After you define your components, define your pipelines. For each pipeline, specify its name, type (either Query or Indexing), and the nodes that it consists of. For each node, specify its input.

version: '1.22.0'

components:   # This section defines nodes that we want to use in our pipelines
  - name: DocumentStore
    type: DeepsetCloudDocumentStore # This is the only supported document store
  - name: Retriever # Selects the most relevant documents from the document store and then passes them on to the Reader
    type: EmbeddingRetriever # Uses a Transformer model to encode the document and the query
    params:
      document_store: DocumentStore
      embedding_model: intfloat/e5-base-v2 # Model optimized for semantic search
      model_format: sentence_transformers
      top_k: 20 # The number of results to return
  - name: Reader # The component that actually fetches answers            
    type: FARMReader # Transformer-based reader, specializes in extractive QA
    params:
      model_name_or_path: deepset/roberta-large-squad2 # An optimized variant of BERT, a strong all-round model
      context_window_size: 700 # The size of the window around the answer span
  - name: TextFileConverter # Converts files to documents
    type: TextConverter
  - name: Preprocessor # Splits documents into smaller ones, and cleans them up
    type: PreProcessor
    params:
      split_by: word # The unit by which you want to split your documents
      split_length: 250 # The maximum number of words in a document
      split_overlap: 30 # Enables the sliding window approach
      split_respect_sentence_boundary: True # Retains complete sentences in split documents
      language: en # Used by NLTK to best detect the sentence boundaries for that language

pipelines: # Here you define the pipelines. For each component, specify its input.
  - name: query 
    nodes:
      - name: Retriever
        inputs: [Query] # The input for the first node is always a query
      - name: Reader
        inputs: [Retriever] # Input is the name of the component that you defined in the "component" section
  - name: indexing
    nodes:
      - name: TextFileConverter
        inputs: [File]
      - name: Preprocessor
        inputs: [TextFileConverter]
      - name: Retriever
        inputs: [Preprocessor]
      - name: DocumentStore
        inputs: [Retriever]

Create a Pipeline with REST API

This method works well if you have a pipeline YAML ready and want to upload it to deepset Cloud. You need to Generate an API Key first.

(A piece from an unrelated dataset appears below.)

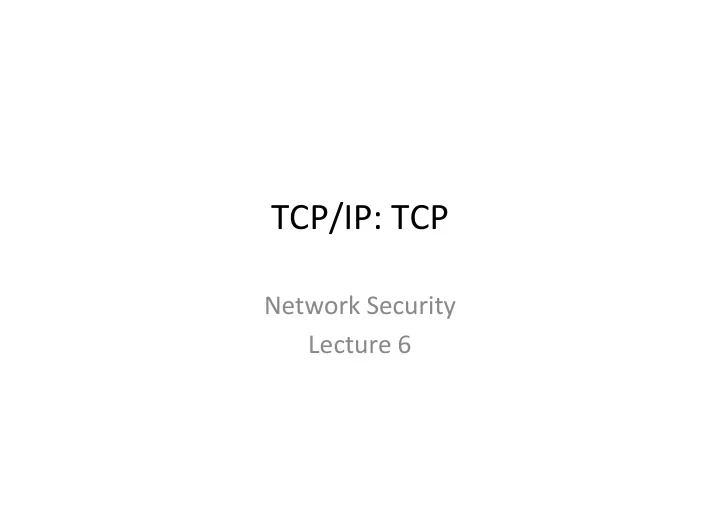 tcp ip tcp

Follow the step-by-step code explanation:

Or use the following code:

curl --request POST \
     --url https://api.cloud.deepset.ai/api/v1/workspaces/<YOUR_WORKSPACE>/pipelines \
     --header 'Accept: application/json' \
     --header 'Authorization: Bearer <YOUR_API_KEY>'\
     --data-binary "@path/to/pipeline.yaml"

See the REST API endpoint documentation.

What To Do Next

  • If you want to use your newly created pipeline for search, you must deploy it.
  • To view pipeline details, such as statistics or feedback, click the pipeline name. This opens the Pipeline Details page.
  • To let others test your pipeline, share your pipeline prototype.